Supplied data ::
━━━━━━━━━━━━━━━━━━━━━━━━━━━━━━
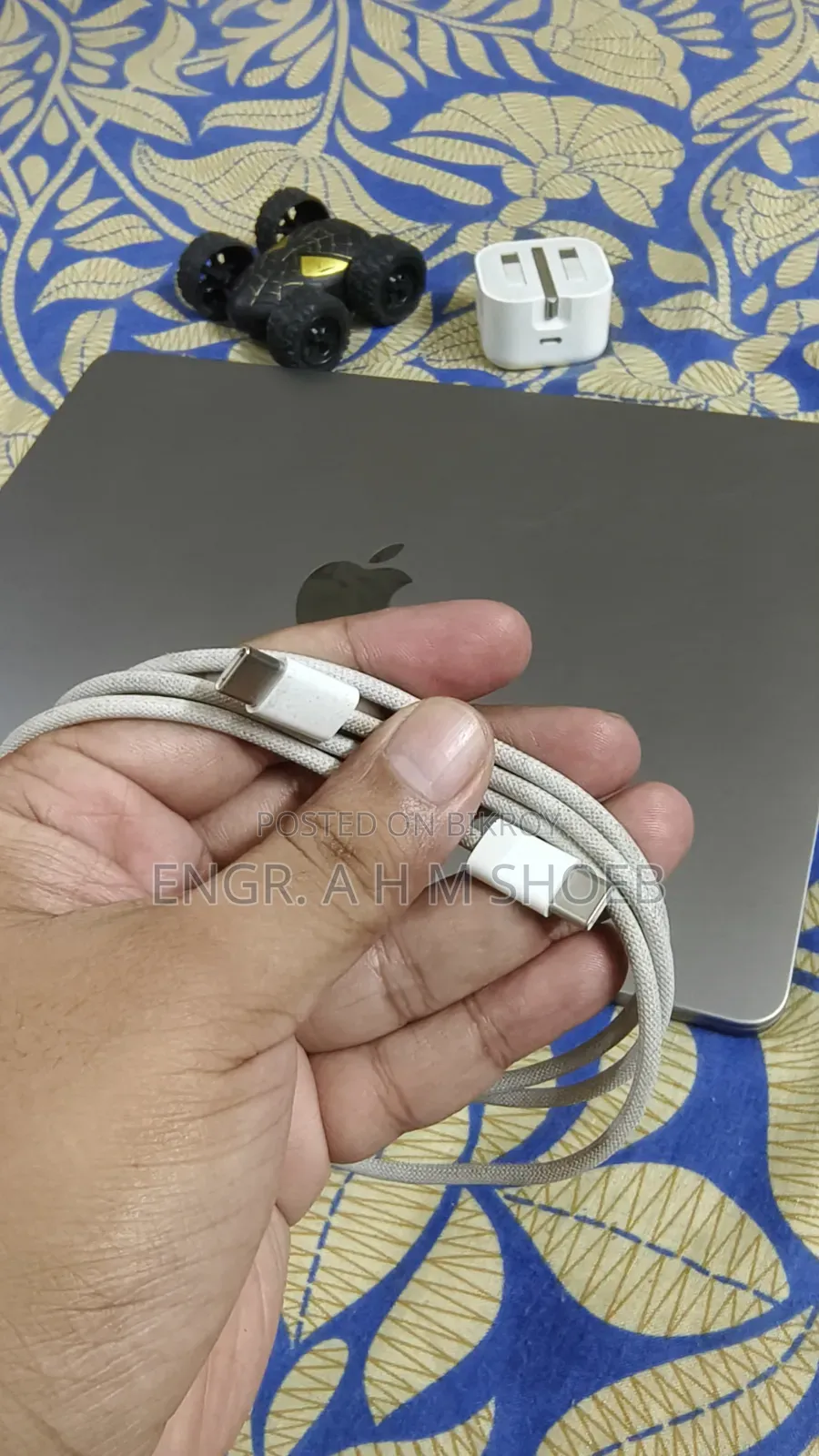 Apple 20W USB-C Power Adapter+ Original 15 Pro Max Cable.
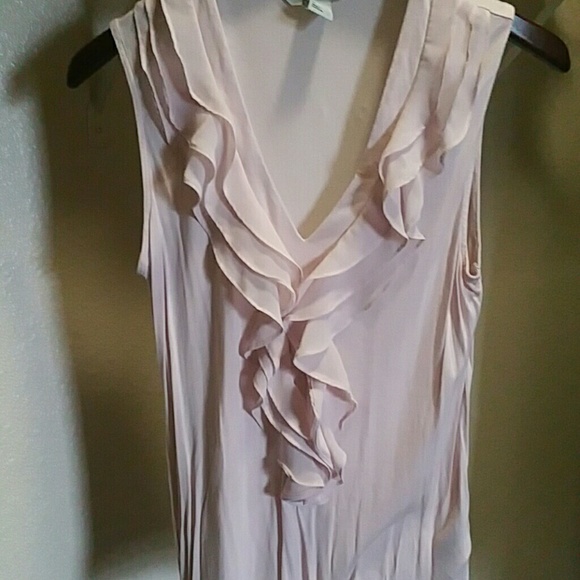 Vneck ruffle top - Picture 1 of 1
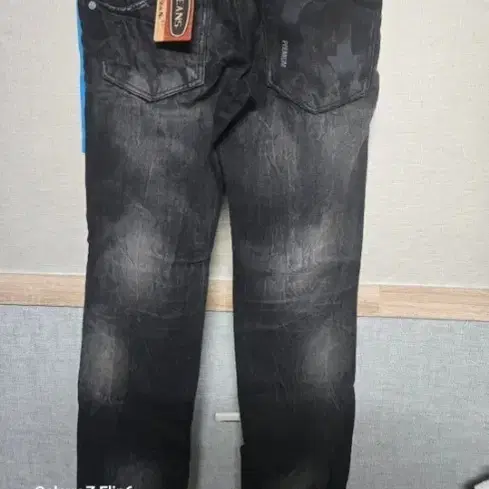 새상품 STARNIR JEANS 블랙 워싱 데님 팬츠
━━━━━━━━━━━━━━━━━━━━━━━━━━━━━━
Word for word, print all of the data; skip the pictures.

 Apple 20W USB-C Power Adapter+ Original 15 Pro Max Cable.
 Vneck ruffle top - Picture 1 of 1
 새상품 STARNIR JEANS 블랙 워싱 데님 팬츠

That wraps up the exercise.